Govt spends N$2.3bn to buy 558 farms
01 October 2020 | Agriculture
The government has spent N$2.3 billion on the acquisition of 558 farms measuring 3.4 million hectares to resettle landless Namibians to date.
The government started the land reform programme in 1990 with the aim of acquiring five million hectares of land by this year.
Land reform deputy minister Anna Shiweda says if farm prices were based on the productivity of the land offered, they could have bought much more land with the N$2.3 billion.
She says the land reform programme was one of the main objectives of the liberation struggle.
According to her the inequality among Namibians is rooted in access to and ownership of land.
That is why the government organised the first national land conference in 1991, shortly after independence, she says.
“Four years after the first land conference, the Agricultural (Commercial) Land Reform Act of 1995 was promulgated. As described by the High Court of Namibia this Act is a product of an intensive effort by the Namibian government to address the need for land reform.”
This Act was complemented six years later by the promulgation of the Communal Land Reform Act buttressing the government’s effort to continue with its land reform drive and to provide for communal land reform.
“At the beginning, farm offers were not forthcoming, which caused allocated funds to be returned to Treasury. As such, government amended the Agricultural Commercial Land Reform Act to introduce a right of first refusal in favour of government, meaning that whenever a farm is placed on the market it must first be offered to the government.”
Shiweda said after that the market changed into a seller’s market with market price escalation.

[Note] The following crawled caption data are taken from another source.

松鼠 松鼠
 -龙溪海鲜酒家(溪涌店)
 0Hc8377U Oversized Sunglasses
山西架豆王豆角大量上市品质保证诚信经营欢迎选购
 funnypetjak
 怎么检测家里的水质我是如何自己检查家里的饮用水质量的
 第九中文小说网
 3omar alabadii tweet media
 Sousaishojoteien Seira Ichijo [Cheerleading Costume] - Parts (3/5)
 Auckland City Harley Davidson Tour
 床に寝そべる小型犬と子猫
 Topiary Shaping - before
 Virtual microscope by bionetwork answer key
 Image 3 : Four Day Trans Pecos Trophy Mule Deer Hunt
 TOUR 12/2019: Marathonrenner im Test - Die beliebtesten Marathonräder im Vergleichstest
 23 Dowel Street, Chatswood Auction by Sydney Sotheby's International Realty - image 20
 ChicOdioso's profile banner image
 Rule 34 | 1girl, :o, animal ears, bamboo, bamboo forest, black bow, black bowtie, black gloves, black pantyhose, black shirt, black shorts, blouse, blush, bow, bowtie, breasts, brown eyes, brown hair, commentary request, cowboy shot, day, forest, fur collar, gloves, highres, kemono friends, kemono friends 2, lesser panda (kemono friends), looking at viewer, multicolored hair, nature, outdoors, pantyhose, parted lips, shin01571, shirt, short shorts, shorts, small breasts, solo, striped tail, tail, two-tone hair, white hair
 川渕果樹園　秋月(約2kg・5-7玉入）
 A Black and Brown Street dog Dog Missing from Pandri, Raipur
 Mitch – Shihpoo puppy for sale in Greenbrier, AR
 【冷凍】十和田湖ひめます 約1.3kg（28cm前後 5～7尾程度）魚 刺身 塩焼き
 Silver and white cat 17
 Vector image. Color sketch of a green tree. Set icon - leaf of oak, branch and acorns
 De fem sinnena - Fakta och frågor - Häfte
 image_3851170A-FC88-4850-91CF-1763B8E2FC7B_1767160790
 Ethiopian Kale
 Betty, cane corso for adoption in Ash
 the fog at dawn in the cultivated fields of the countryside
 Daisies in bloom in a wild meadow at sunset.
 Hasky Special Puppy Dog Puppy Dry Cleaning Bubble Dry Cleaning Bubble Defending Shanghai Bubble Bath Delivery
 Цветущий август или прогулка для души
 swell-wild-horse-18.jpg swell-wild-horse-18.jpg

“If the prices were based on productivity of the land being offered, we could have accomplished much more in our land reform programme with the N$2.3 billion spent thus far. Instead, we have actually paid more and more for less and less land.”
She says the ministry is reviewing its land reform programme, in particular assessing the possibility of extending the flexible land tenure concept to resettlement beneficiaries to improve their tenure security.